- _EXERCISE REQUIREMENTS_
From the entries below, write out exactly the lines between the line holding "at the airport!" and the line holding "Detail of a", inclusive, excluding any pictures.

[INPUT FOR THIS TASK Boundary: Start]

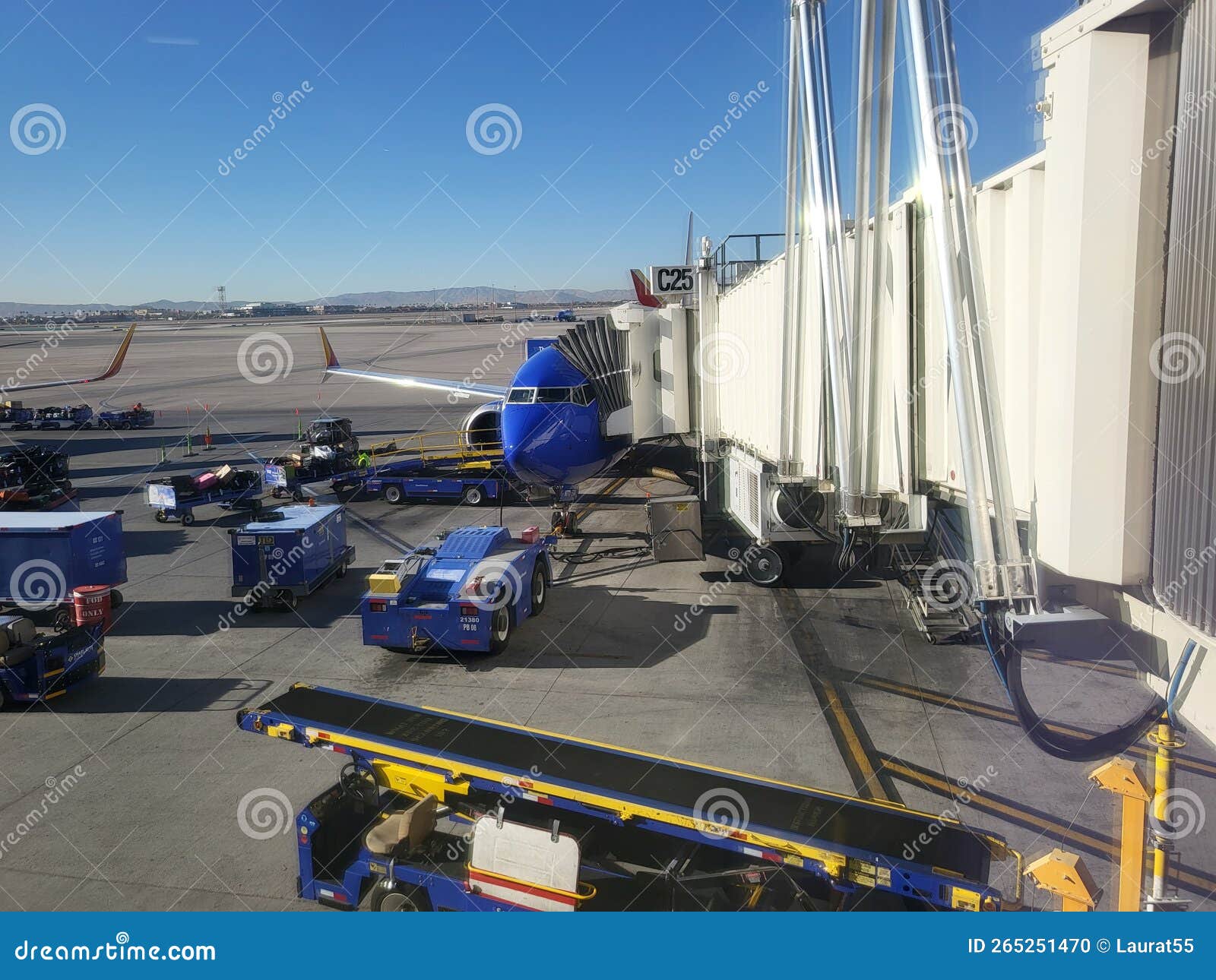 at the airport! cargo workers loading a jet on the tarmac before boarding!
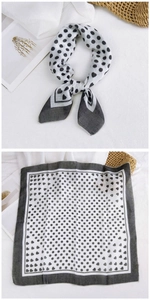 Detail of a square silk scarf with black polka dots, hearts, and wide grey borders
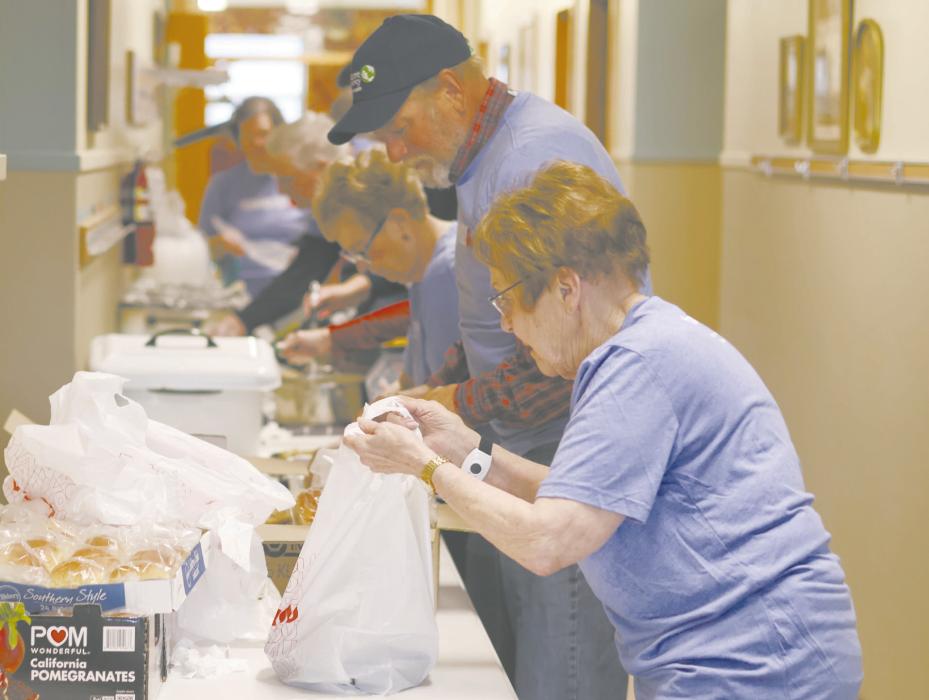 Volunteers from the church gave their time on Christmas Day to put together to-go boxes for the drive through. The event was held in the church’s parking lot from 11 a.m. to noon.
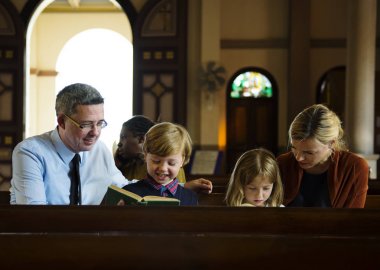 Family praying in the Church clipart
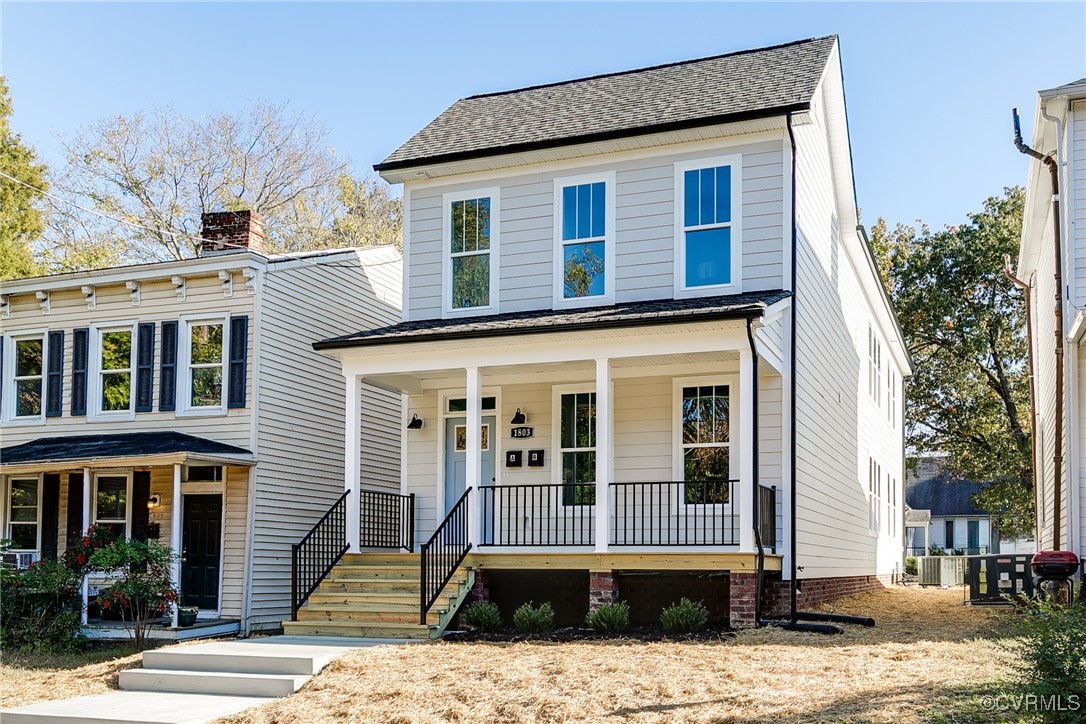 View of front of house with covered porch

[INPUT FOR THIS TASK Boundary: End]
[INPUT FOR THIS TASK Boundary: Start]

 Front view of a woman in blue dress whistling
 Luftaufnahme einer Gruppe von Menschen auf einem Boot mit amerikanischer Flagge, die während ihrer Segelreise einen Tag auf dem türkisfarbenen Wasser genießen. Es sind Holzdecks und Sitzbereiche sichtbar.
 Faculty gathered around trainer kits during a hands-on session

[INPUT FOR THIS TASK Boundary: End]

- _EXERCISE OUTPUT_
 at the airport! cargo workers loading a jet on the tarmac before boarding!
 Detail of a square silk scarf with black polka dots, hearts, and wide grey borders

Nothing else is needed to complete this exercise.